Pickles were prepared in Ancient Russia. Soups from pickled cucumbers have not lost their relevance to our time. There are a lot of recipes and each of them deserves special attention. Today I propose to consider the option of a pickle with lemon.
Ingredients
- Beef (fillet) – 500 g
- Pearl barley - 5 art.l.
- Cucumbers (salty) – 2 pieces
- Potatoes - 250 g
- Carrots - 1 piece
- Onion - 1 piece
- Lemon - 1 piece
- Vegetable oil - 30 ml
- Bay leaf - 2 pieces
- Salt - to taste
- Water (filtered) – 2 l
- Greenery (for submission) – a couple of twigs
- Sour cream (for submission) – 3 art.l.
Step-by-step cooking recipe
Wash the beef, chop it and put it in a saucepan with water.
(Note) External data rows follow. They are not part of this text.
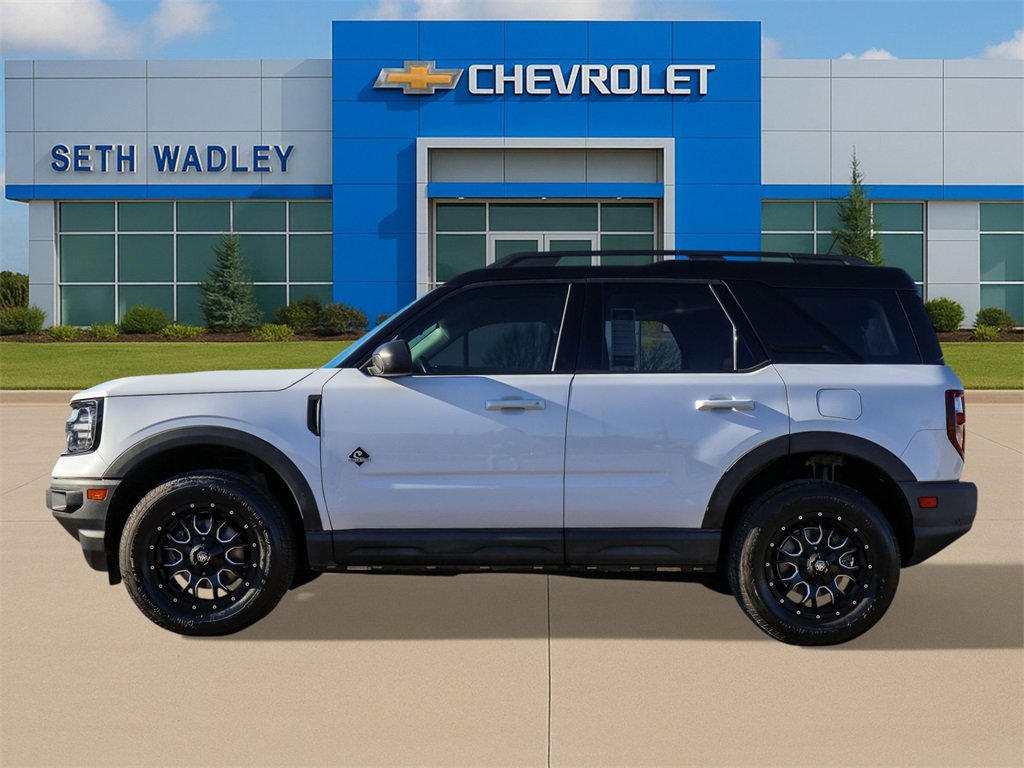 Used 2021 Ford Bronco Sport Outer Banks w/ Outer Banks Package image 4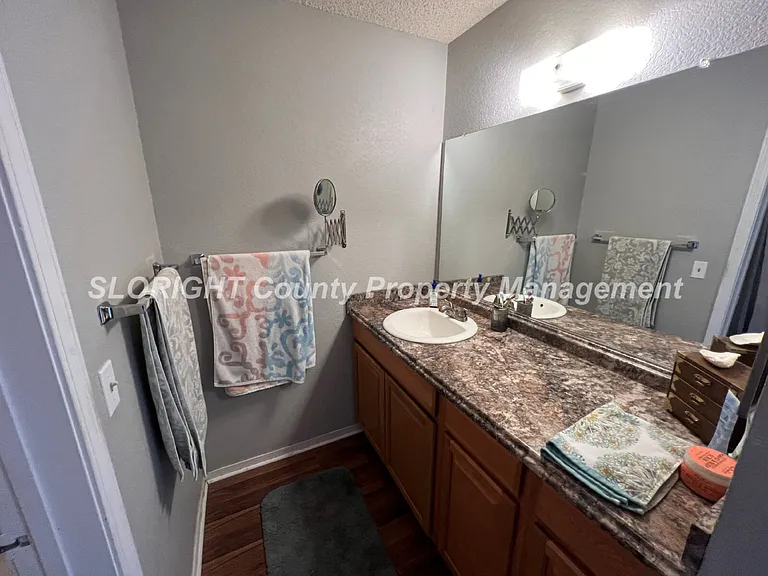 1039 Southwood Dr #D — Photo 14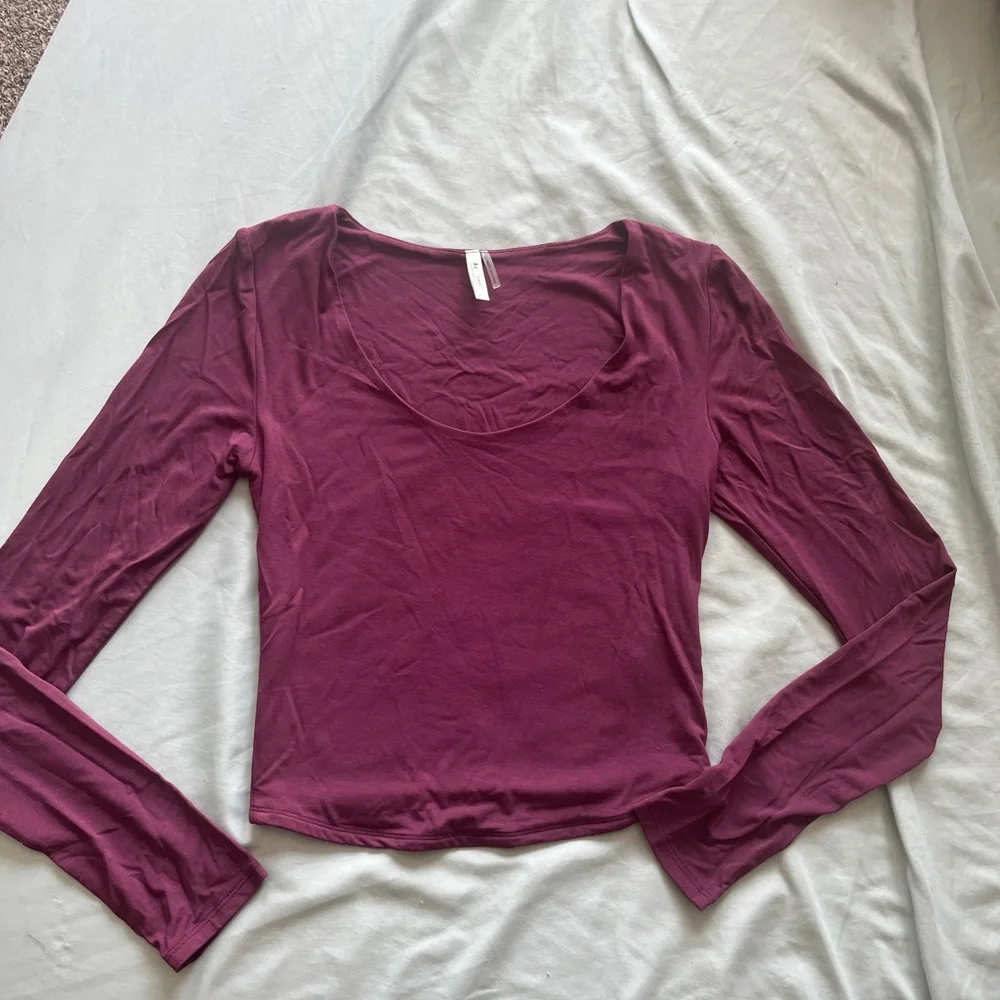 BE COOL Red Long Sleeve Fitted Crop Blouse - Picture 1 of 3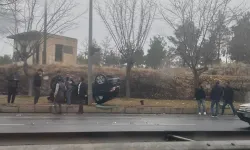 Kaygan Yol Trafik Kazasına Neden Oldu: Sürücü Yaralandı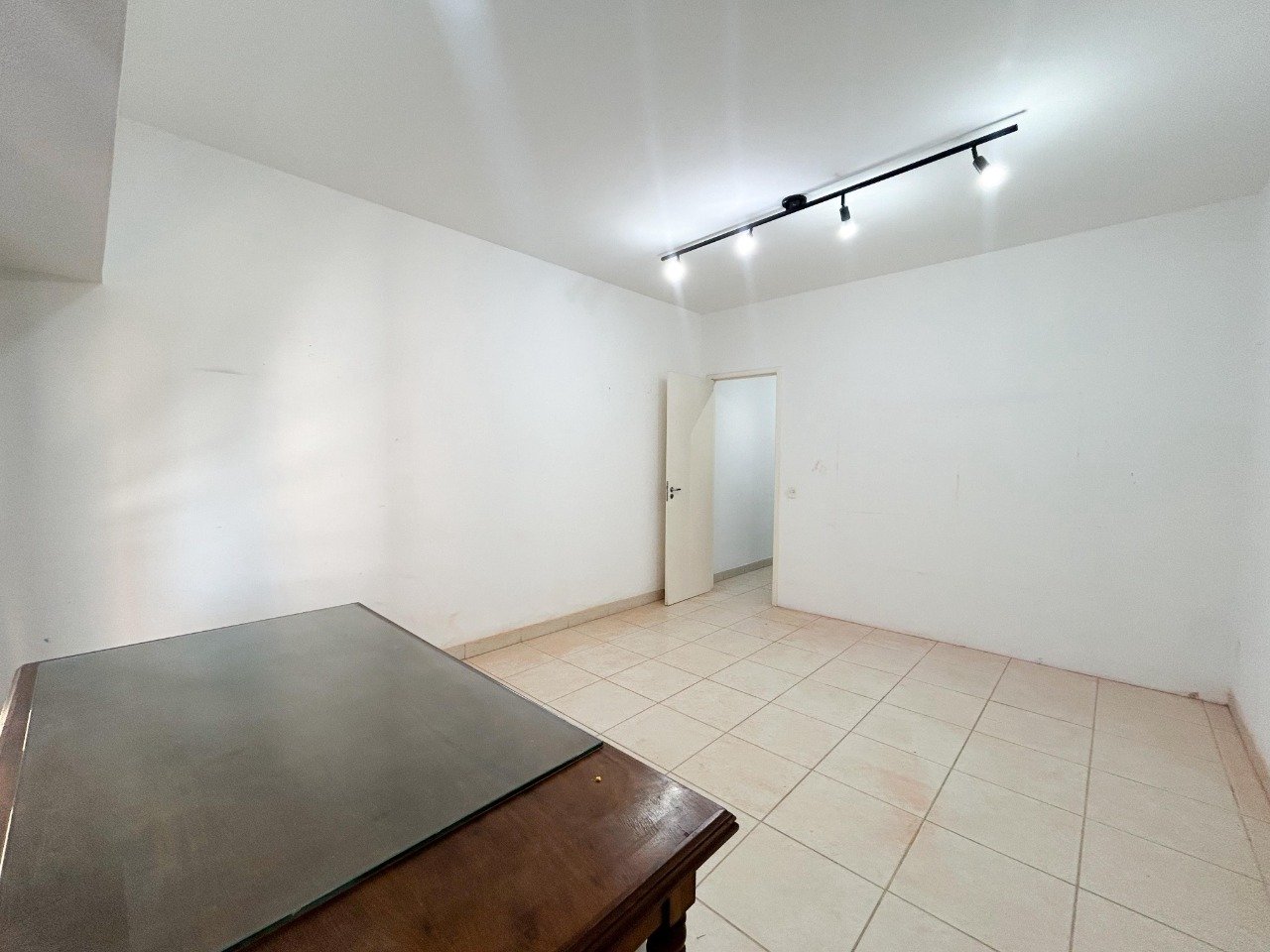 Salas/Conjuntos[ NumeroQuarto] Centro Florianópolis Centro Executivo Casa do Barão: 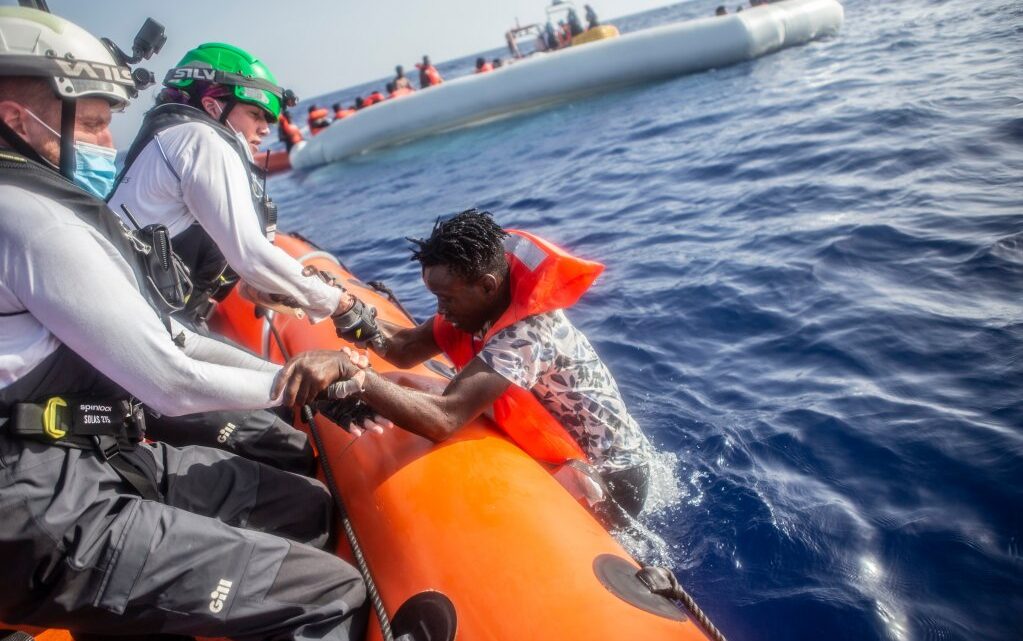 Italie : la nouvelle loi sur les sauvetages en mer « nous rend la vie encore plus difficile », estime MSF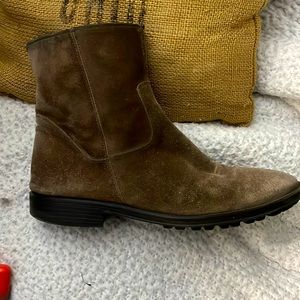 Casual side zip boot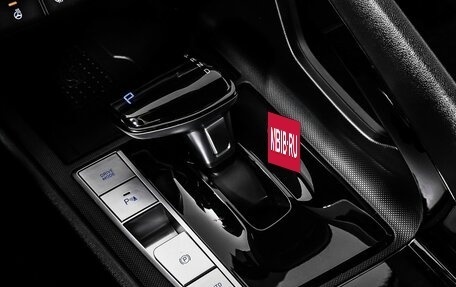 Hyundai Elantra, 2023 год, 2 079 000 рублей, 19 фотография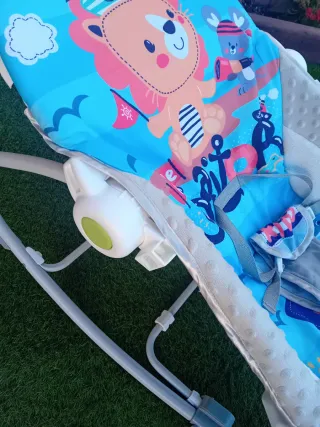 Hamaca bebe con arco de juegos.tiene vibracion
Add the washed pearl barley, bay leaf and cook for 50 minutes.
Chop the pickles, lemon, carrots, peeled potatoes and onions.
Heat the oil in a frying pan, add the onion and carrot and fry until golden brown.
In a saucepan with meat, pour potatoes, cucumbers, roast and 3-4 slices of lemon. Boil everything together for 10 minutes.
Add salt, turn off the heat and leave under the lid for 20 minutes.
Pour the soup on plates, add chopped herbs, sour cream and lemon.